Given two arrays; $births
containing a list of birth years indicating when someone was born, and $deaths
containing a list of death years indicating when someone died, how can we find the year on which the population was highest?
For example given the following arrays:
$births = [1984, 1981, 1984, 1991, 1996];
$deaths = [1991, 1984];
The year on which the population was highest should be 1996
, because 3
people were alive during that year, which was the highest population count of all those years.
Here's the running math on that:
| Birth | Death | Population | |-------|-------|------------| | 1981 | | 1 | | 1984 | | 2 | | 1984 | 1984 | 2 | | 1991 | 1991 | 2 | | 1996 | | 3 |
Assumptions
We can safely assume that the year on which someone is born the population can increase by one and the year on which someone died the population can decrease by one. So in this example, 2 people were born on 1984 and 1 person died on 1984, meaning the population increased by 1 on that year.
We can also safely assume that the number of deaths will never exceed the number of births and that no death can occur when the population is at 0.
We can also safely assume that the years in both $deaths
and $births
will never be negative or floating point values (they're always positive integers greater than 0).
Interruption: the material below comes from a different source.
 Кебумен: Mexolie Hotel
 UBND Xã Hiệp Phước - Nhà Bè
We cannot assume that the arrays will be sorted or that there won't be duplicate values, however.
Requirements
We must write a function to return the year on which the highest population occurred, given these two arrays as input. The function may return 0
, false
, ""
, or NULL
(any falsey value is acceptable) if the input arrays are empty or if the population was always at 0 throughout. If the highest population occurred on multiple years the function may return the first year on which the highest population was reached or any subsequent year.
For example:
$births = [1997, 1997, 1997, 1998, 1999];
$deaths = [1998, 1999];
/* The highest population was 3 on 1997, 1998 and 1999, either answer is correct */
Additionally, including the Big O of the solution would be helpful.
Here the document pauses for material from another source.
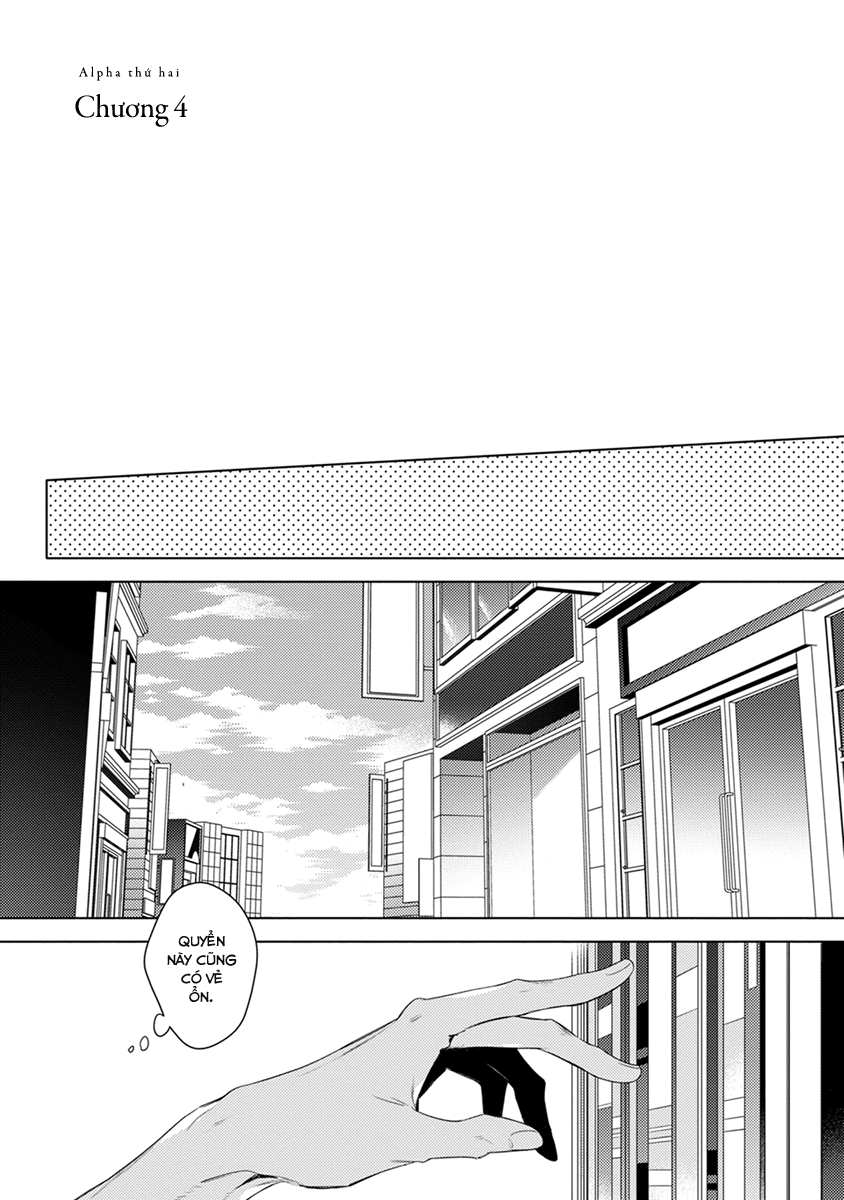 alpha thứ hai chapter 4 1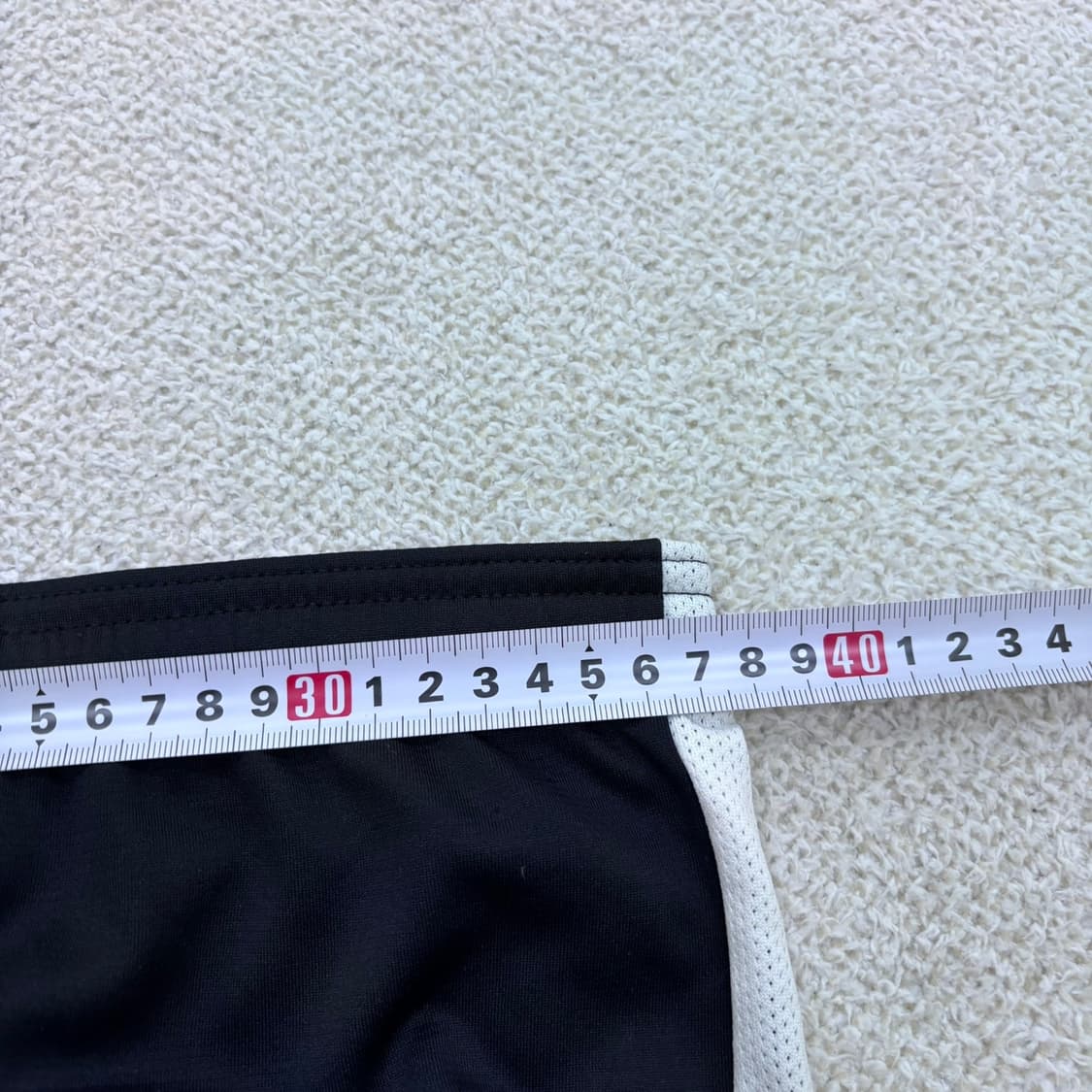 M 나이키 드라이핏 트레이닝 반바지 0413E 상품이미지6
My best attempt at doing this would be the following:
function highestPopulationYear(Array $births, Array $deaths): Int {
sort($births);
sort($deaths);
$nextBirthYear = reset($births);
$nextDeathYear = reset($deaths);
$years = [];
if ($nextBirthYear) {
$years[] = $nextBirthYear;
}
if ($nextDeathYear) {
$years[] = $nextDeathYear;
}
if ($years) {
$currentYear = max(0, ...$years);
} else {
$currentYear = 0;
}
$maxYear = $maxPopulation = $currentPopulation = 0;
while(current($births) !== false || current($deaths) !== false || $years) {
while($currentYear === $nextBirthYear) {
$currentPopulation++;
$nextBirthYear = next($births);
}
while($currentYear === $nextDeathYear) {
$currentPopulation--;
$nextDeathYear = next($deaths);
}
if ($currentPopulation >= $maxPopulation) {
$maxPopulation = $currentPopulation;
$maxYear = $currentYear;
}
$years = [];
if ($nextBirthYear) {
$years[] = $nextBirthYear;
}
if ($nextDeathYear) {
$years[] = $nextDeathYear;
}
if ($years) {
$currentYear = min($years);
} else {
$currentYear = 0;
}
}
return $maxYear;
}
The algorithm above should work in polynomial time given it is at worst O(((n log n) * 2) + k)
where n
is number of elements to be sorted from each array and k
is number of birth years (since we know that k
is always k >= y
) where y
is number of death years. However, I'm not sure if there is a more efficient solution.
My interests are purely in an improved Big O of computational complexity upon the existing algorithm. Memory complexity is of no concern. Nor is the runtime optimization. At least it's not a primary concern. Any minor/major runtime optimizations are welcome, but not the key factor here.